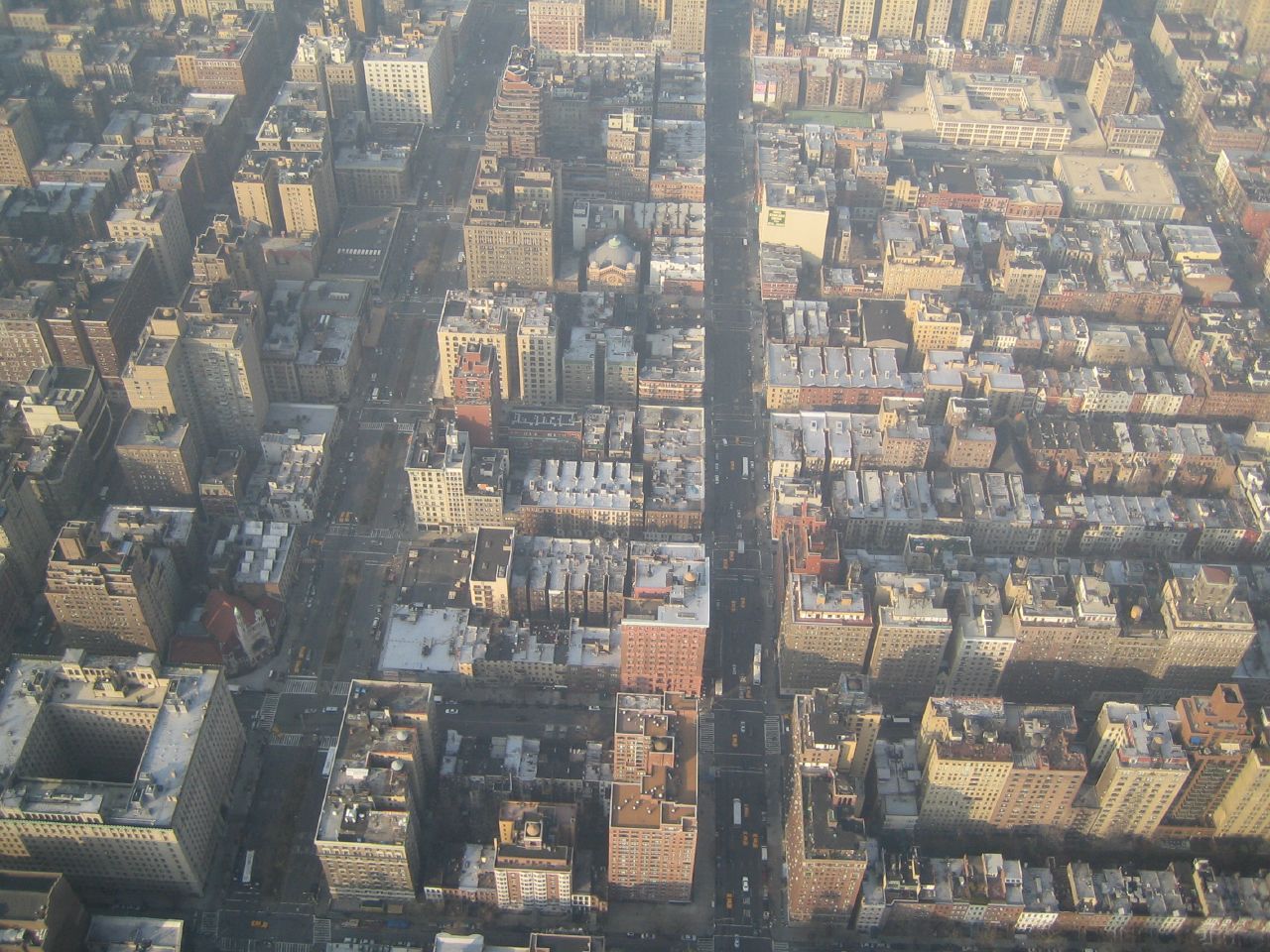 an aerial view of skyscrs in the city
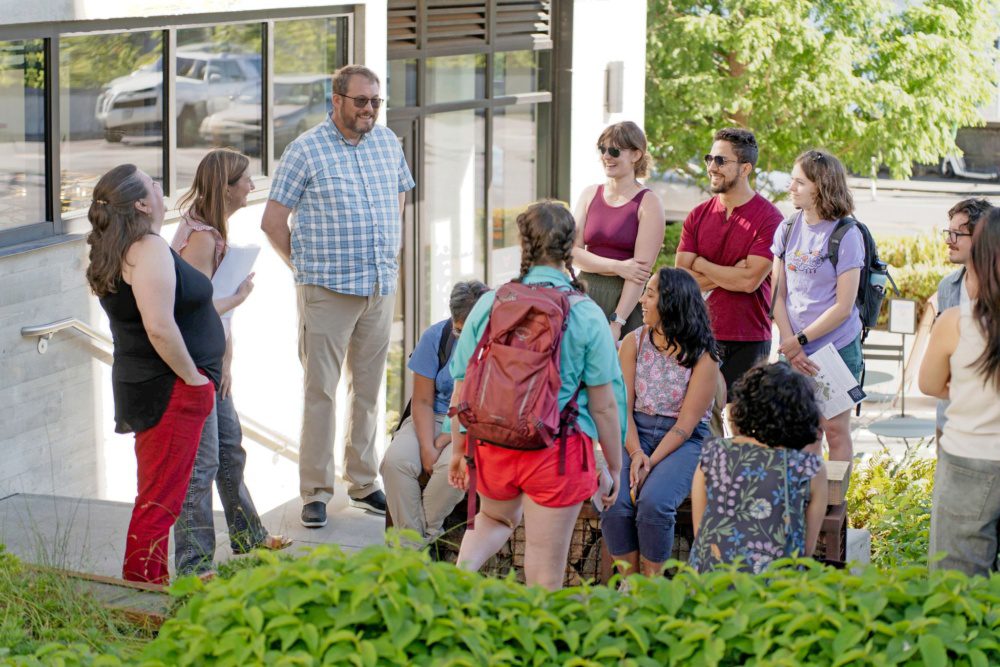 photo of spu beyond code team members leading a tour at thte aurora bridge bioswales
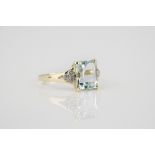 A 9ct gold, aquamarine and diamond ring the emerald cut aquamarine over split shoulders, each set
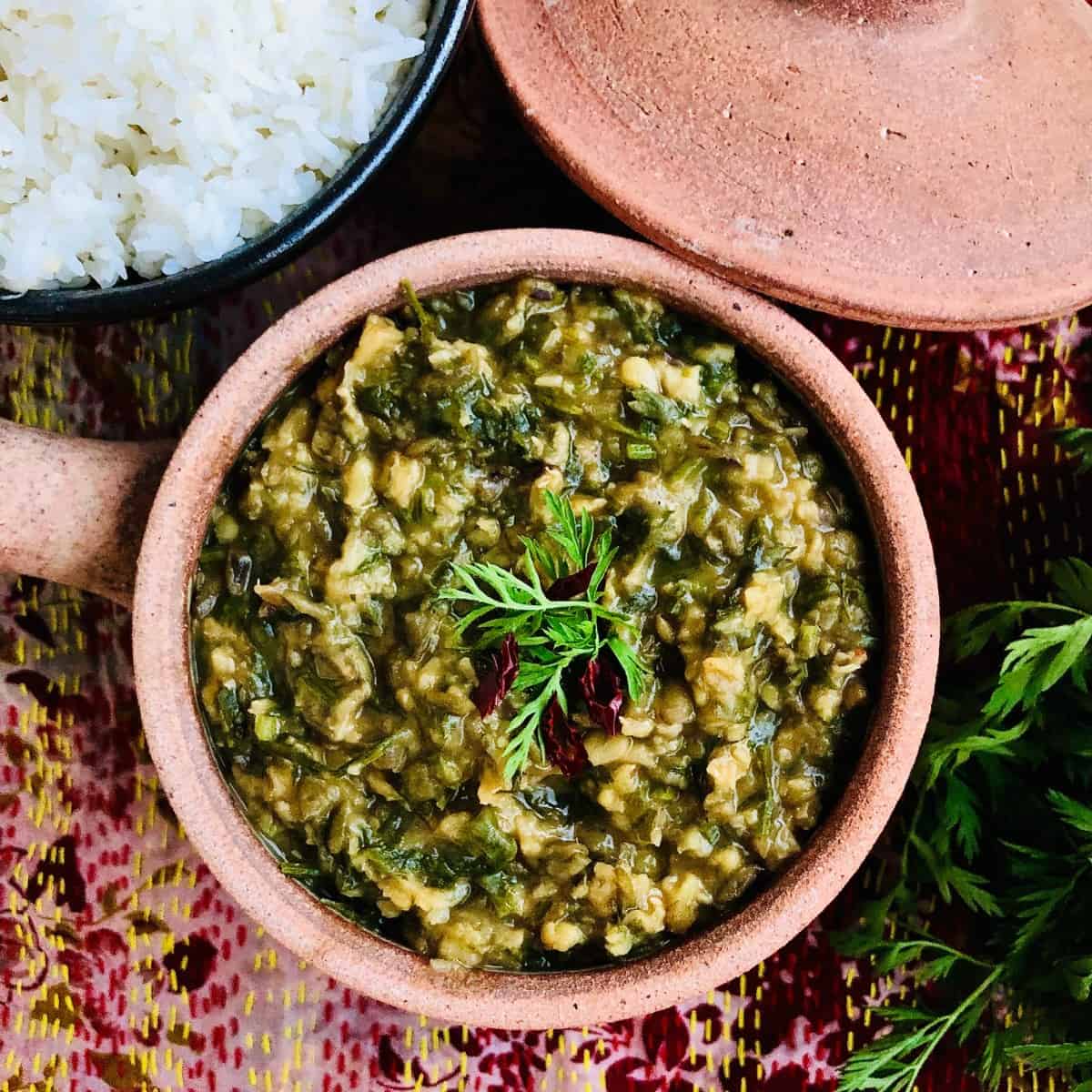 A clay pot containing saag daal garnished with carrot tops.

····················

EXERCISE DESCRIPTION: Leave the pictures out and output the rest of the data word for word.

ANSWER BELOW:
 an aerial view of skyscrs in the city
 photo of spu beyond code team members leading a tour at thte aurora bridge bioswales
 A 9ct gold, aquamarine and diamond ring the emerald cut aquamarine over split shoulders, each set
 A clay pot containing saag daal garnished with carrot tops.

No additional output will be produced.